──────── Entries shown ────────
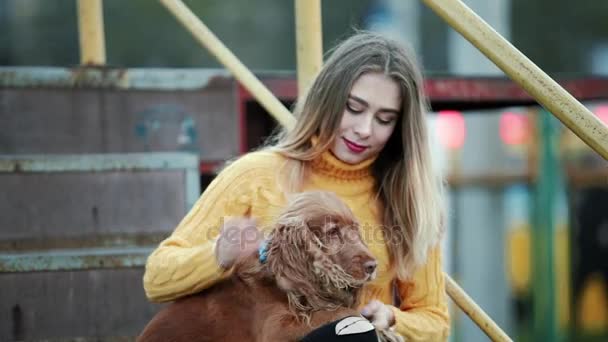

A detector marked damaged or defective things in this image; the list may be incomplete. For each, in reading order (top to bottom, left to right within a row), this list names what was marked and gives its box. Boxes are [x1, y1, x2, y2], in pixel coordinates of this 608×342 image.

rusted metal panel [0, 268, 162, 340]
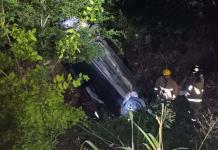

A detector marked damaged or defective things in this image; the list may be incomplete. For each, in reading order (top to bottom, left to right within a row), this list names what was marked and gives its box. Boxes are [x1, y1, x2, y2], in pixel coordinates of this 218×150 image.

crashed car [59, 17, 146, 116]
overturned vehicle [60, 17, 146, 116]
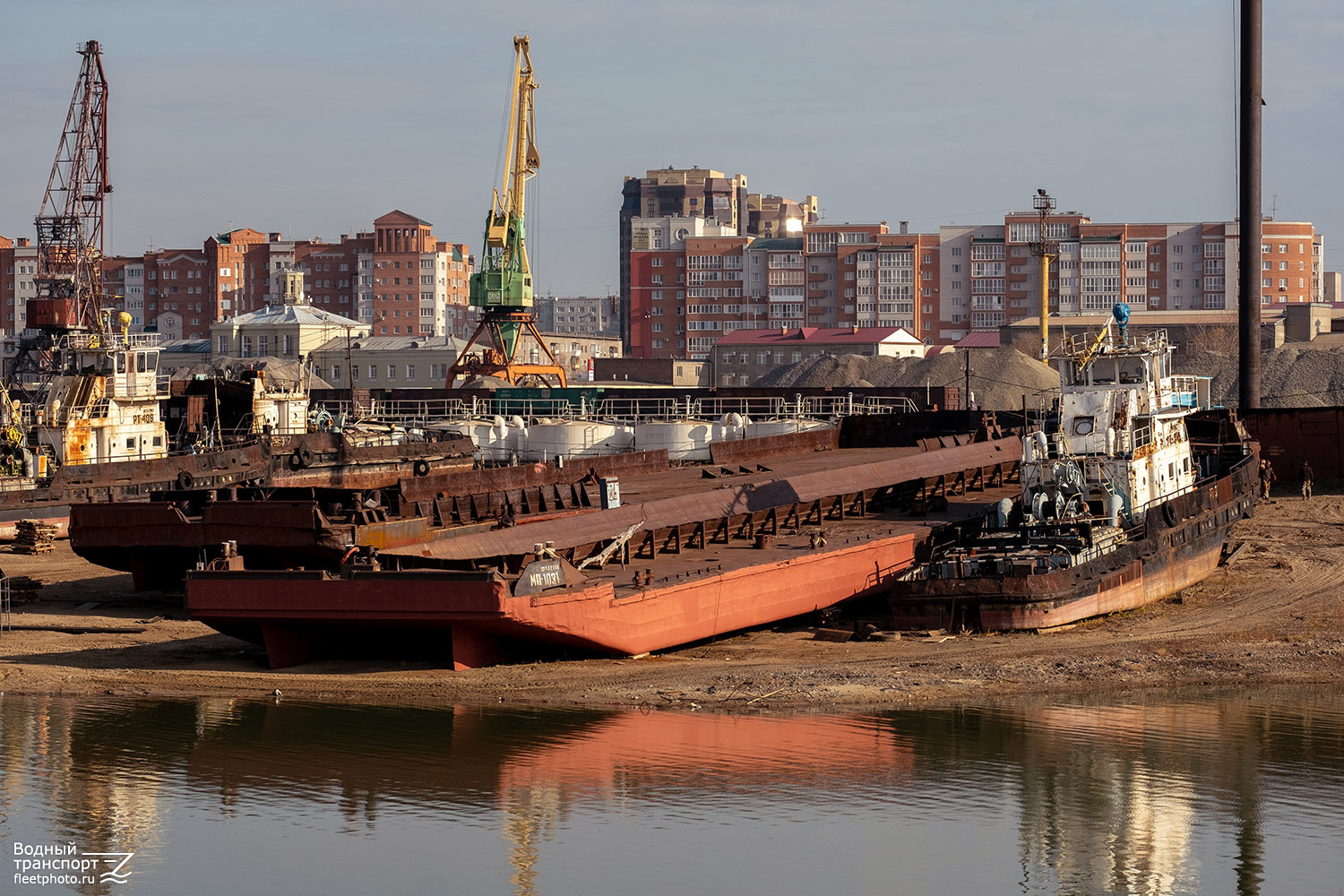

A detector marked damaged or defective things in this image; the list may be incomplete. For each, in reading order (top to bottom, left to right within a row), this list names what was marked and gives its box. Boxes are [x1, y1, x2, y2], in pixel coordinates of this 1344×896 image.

rusty barge [178, 426, 1016, 666]
rusty barge [887, 318, 1253, 633]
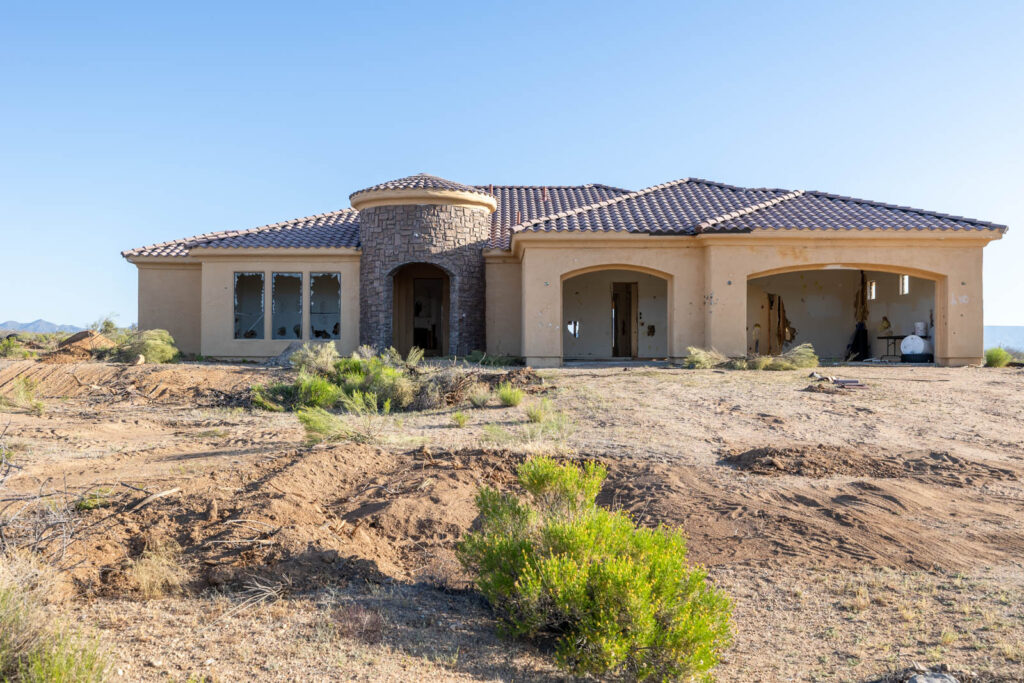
────────
▶ **To do**: Could you set down every record above word for word, leaving out the pictures?

▶ **Written answer**:
A detector marked damaged or defective things in this image; the list may be incomplete. For each, in reading order (top to bottom, left to right within a row), this list names what was marked and gives its box. Boxes are [x1, y1, x2, y2], in pixel coordinates of this 608×342 image.

rusted metal panel [0, 268, 162, 340]

A detector marked damaged or defective things in this image; the list may be incomplete. For each, in reading order (top to bottom, left to right within a row), this list names what was marked and gives its box. Boxes are [x1, y1, x2, y2], in pixel coordinates of this 218×150 image.

crashed car [59, 17, 146, 116]
overturned vehicle [60, 17, 146, 116]

A detector marked damaged or defective things in this image; the list may be incomplete. For each, in reading order (top to bottom, left to right within a row), this list names what was marked and gives its box. Boxes are [x1, y1, x2, y2], in pixel coordinates of this 1344×896 image.

rusty barge [178, 426, 1016, 666]
rusty barge [887, 318, 1253, 633]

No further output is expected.